Florida’s Gulf Coast is a weirdly dissociated place.
True, there’s a cohesiveness to it all, mainly in that the Gulf Coast is more laid-back and less preoccupied with appearances than Florida’s Atlantic Coast. It clings to the vestiges of Old Florida a bit tighter. Yet this cohesiveness begins to crack and the distinct personalities of each Gulf Coast sub-region emerge depending on where you veer off Interstate 75.
Much of this can be credited to Florida’s ages-old knack for self-promotion — after all, tourism is the Sunshine State’s top industry. Each individual “coast” boasts its own allure, its own socio-cultural identity.
Looking for something a touch more urbane — art galleries, opera and the like? Get thee to the Cultural Coast (Sarasota County). Are sprawling white sand beaches, no matter how mobbed, your top priority? The Sun Coast (the Tampa Bay Area) beckons. In search of an upscale boomer Xanadu? The Paradise Coast (Naples/Marco Island) awaits. Don’t mind smaller crowds and bigger mosquito bites? The Nature Coast (Citrus, Levy, Pasco, Hernando, Dixie and Wakulla counties) is your best bet.
Located roughly equidistance between Fort Myers and Sarasota, Charlotte County, which includes the small city of Punta Gorda along with the communities of Englewood and Port Charlotte, is trickier to pin down.
Charlotte County is an often overlooked misfit, really, borrowing bits from the above vernacular coastal regions to form its own identity. Compared to Charlotte County’s neighbors to the north and south, it’s an unassuming destination where the biggest draws are its relative lack of big draws. Friendly and low-key, it doesn’t need to showboat and tout its natural beauty.
If anything, you could say that Charlotte County plays the role of “Sustainable Coast” — not the sexiest moniker, but it works.
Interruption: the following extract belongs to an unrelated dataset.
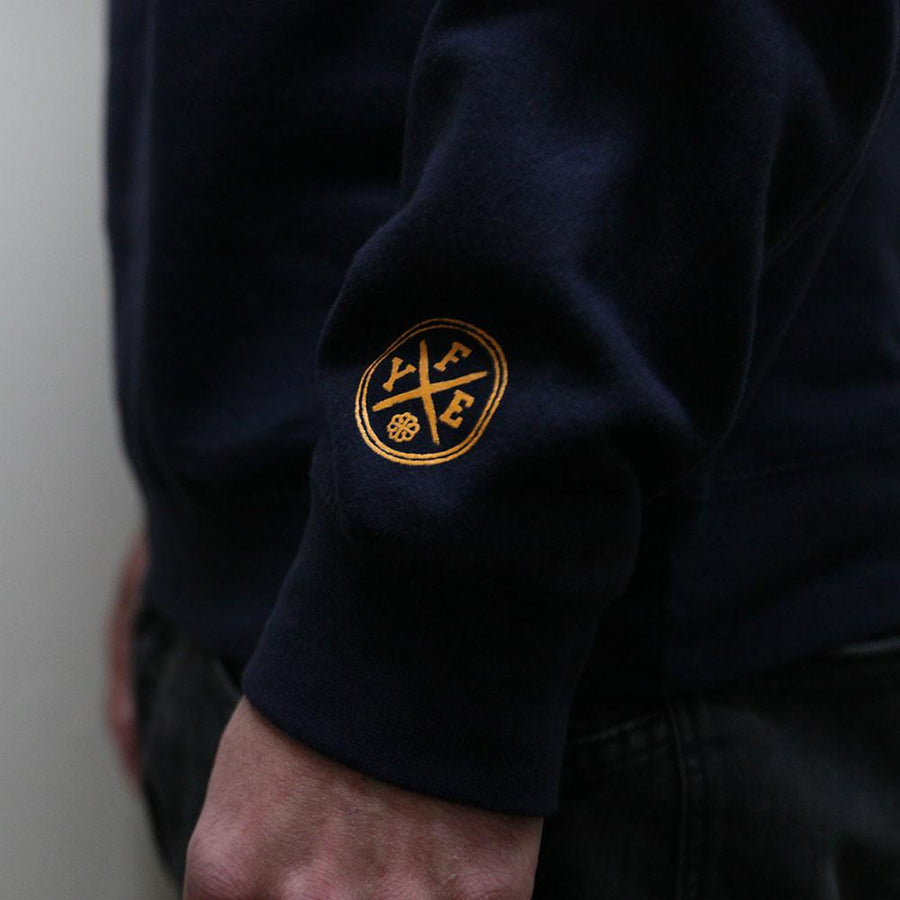 "Falling Into The Sun’s High View" Pullover Sweatshirt - Navy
With Punta Gorda serving as a base camp of sorts, visitors come for the intimate, unspoiled beaches of Manasota Key; a handful of scenic state parks; nearly a dozen birder-friendly conservation preserves and environmental parks; and miles of aquatic wilderness best explored by paddleboard or kayak along Charlotte County’s Blueway Trails. Eva and Chris Worden’s eponymous 85-acre organic farm and CSA program along with TEAM Punta Gorda, a volunteer-run organization focused on building out Punta Gorda’s bicycling infrastructure and promoting community gardening efforts, are just two local enterprises helping to veer residents of Charlotte County down a more sustainable path.
Yet Charlotte County’s newest eco-asset offers a drastic departure from the norm.
It revolves around the built environment, specifically a mixed-use development complete with ultra-efficient homes and a utility-scale in-house solar power plant. Named Babcock Ranch, this 18,000-acre utopia-in-the-making was borne from the largest conservation land acquisition in Florida history and is poised to put sleepy Charlotte County on the map in a big way.